Mit 16 konnte sie die Schulgebühren nicht zahlen und musste die Schule abbrechen, um in Guangdong als Arbeiterin zu gehen. In einer Fabrik schleifte sie tagsüber Glas an der Fließbandlinie, nachts lernte sie wie verrückt selbst, machte Prüfungen für Buchhalterzertifikate, Computerbedienung und andere Qualifikationen.
So vergingen ein paar Jahre, dann nahm sie die 20.000 Yuan, die sie durch ihre Arbeit gespart hatte, und zog mit acht Verwandten – Bruder, Schwester, Schwägerin, Schwager und Co. – nach Shenzhen, wo sie eine kleine Werkstatt eröffnete, die UhrenGlas verarbeitete. Sie reparierte allein die Maschinen und kümmerte sich um den Vertrieb, und so arbeitete sie weitere vier Jahre.

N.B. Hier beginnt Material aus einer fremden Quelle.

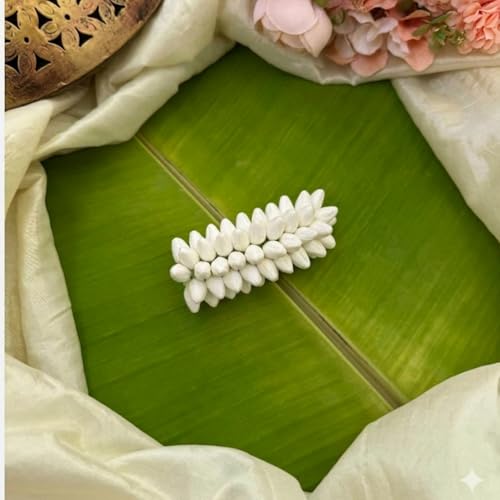 Sayilesh Trends hair accessory – image 3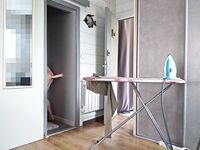Je repasse mon linge - Photo #17
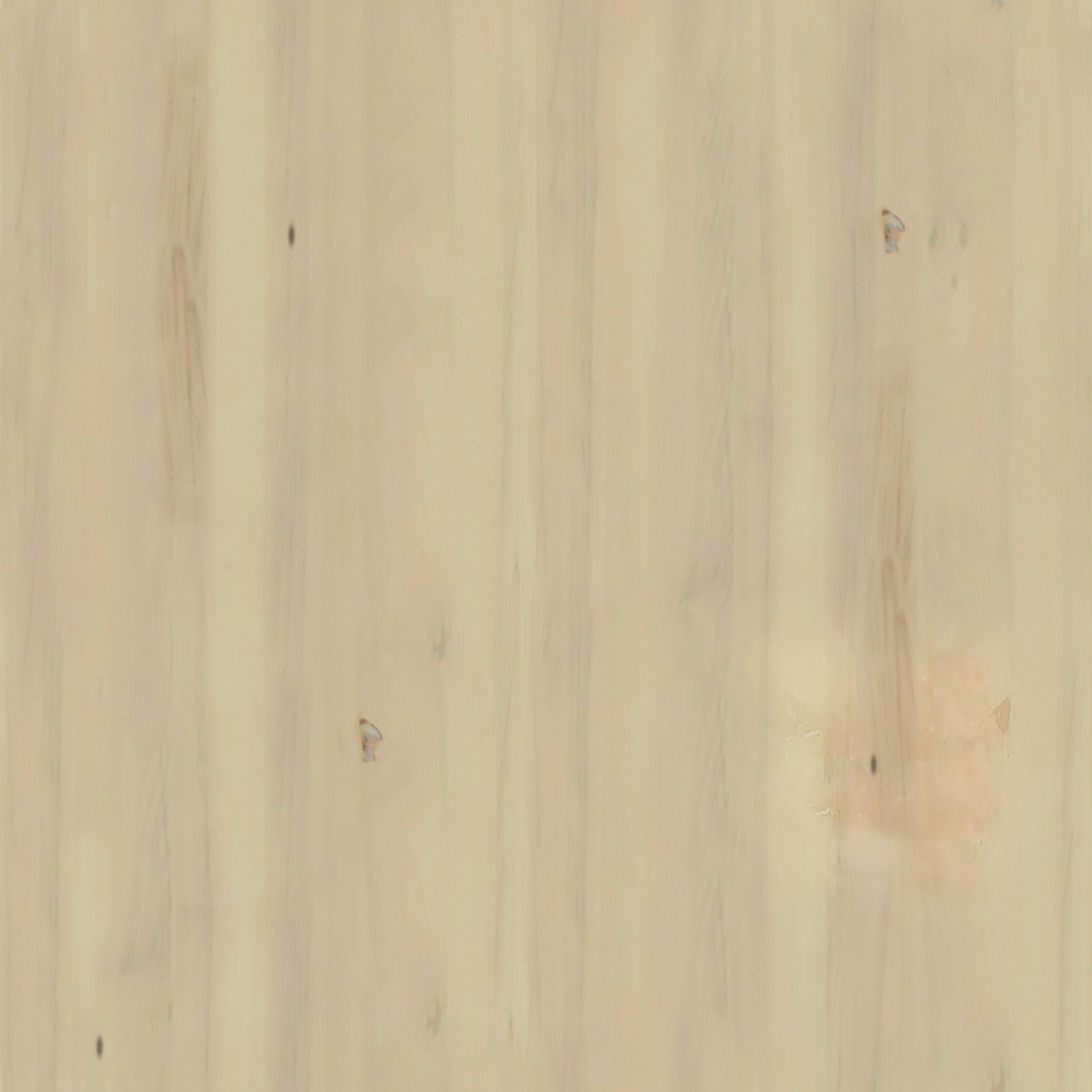Abisko Quartz White Bed King thumbnail 8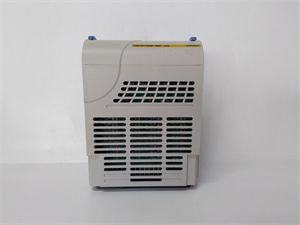 EMERSON 5X00605G01
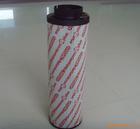 ƺHP1352A03NAVо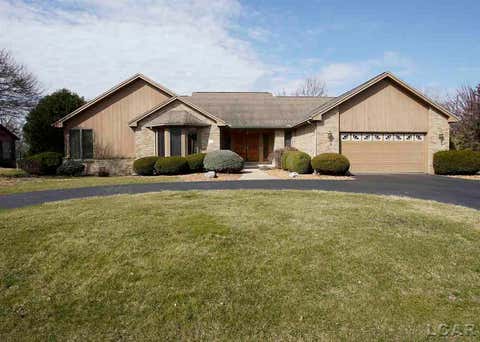 Photo for 685 Stoneridge
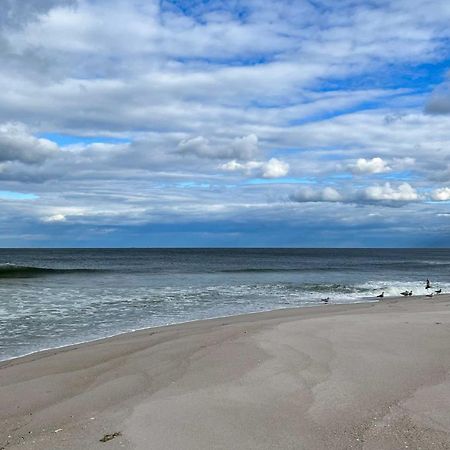 Bright And Airy Condo - Walk To Ortley Beach! Seaside Heights Exterior foto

Ab 2000 boomte die Mobilfunkbranche rasant, und durch puren Zufall erhielt ihre UhrenGlasfabrik einen Auftrag für TCL-Handydisplays. Sie erkannte das enorme Potenzial des Handyglasmarkts und gründete prompt Lens Technology, spezialisiert auf Produktion, Forschung und Vertrieb von Handygas. Am Anfang belieferte sie nur heimische Marken und Billighandy-Kopien, doch dann wollte sie einen Auftrag von Motorola an Land ziehen.
Die Qualitätsansprüche des ausländischen Unternehmens waren extrem streng, da setzte sie alles auf eine Karte, mobilisierte fast alle Ressourcen, um mit Motorola zusammenzuarbeiten, und sicherte sich den Auftrag für das V3-Modell, das weltweit über 100 Millionen Mal verkauft wurde. Das katapultierte Lens Technology direkt an die Spitze der Branche, und anschließend holte sie sich Nokia, Samsung und andere internationale Giganten ins Boot.
Der entscheidende Wendepunkt kam erneut 2007: Damals brachte Jobs das erste iPhone heraus und revolutionierte das Handy vollständig hin zu Vollglas-Touchscreens. Jobs’ wahnsinnige Ansprüche an die Verarbeitung fanden weltweit keinen Hersteller, der mithalten konnte. Zhou Qunfei witterte sofort die nächste große Chance und führte ihr Team zusammen mit Apple-Ingenieuren drei Monate lang in einem intensiven Projekt durch, das die Schlüsseltechnologie durchbrach. Sie brachten die Glasplatten für das erste iPhone in die Massenproduktion – und gewannen damit den langfristigen Apple-Vertrag. Spätere Produkte wie iPad, MacBook und fast alle Apple-Geräte landeten bei Lens Technology, was das Unternehmen zum weltgrößten Anbieter von Touchglasplatten machte.
Deshalb sitzt sie neben Cook. Aber warum sitzt Musk auch neben ihr?
Nachdem Lens Technology im Glasplattensegment Weltmarktführer wurde, diversifizierte es in smarte Geräte aller Art, darunter Autokabinen und Roboter. Im Automobilbereich – für Scheiben, Mittelkonsole und Ähnliches – hat es bereits Aufträge von 30 Herstellern wie Tesla, BMW, Mercedes und Li Auto; im Roboterbereich geht es um Gelenke, Sensoren und Co. – alles Bereiche, die tief mit Musks Geschäften überschneiden.
Ein Mädchen, das mit 15 die Schule abbrach und nur einen Grundschulabschluss hatte, kommt aus einem Hunan-Dorf, steigt aus dem Nichts zur reichsten Frau Chinas auf und betritt 40 Jahre später die US-chinesischen Gespräche, sitzt zwischen Musk und Cook – das ist die Geschichte von Zhou Qunfei.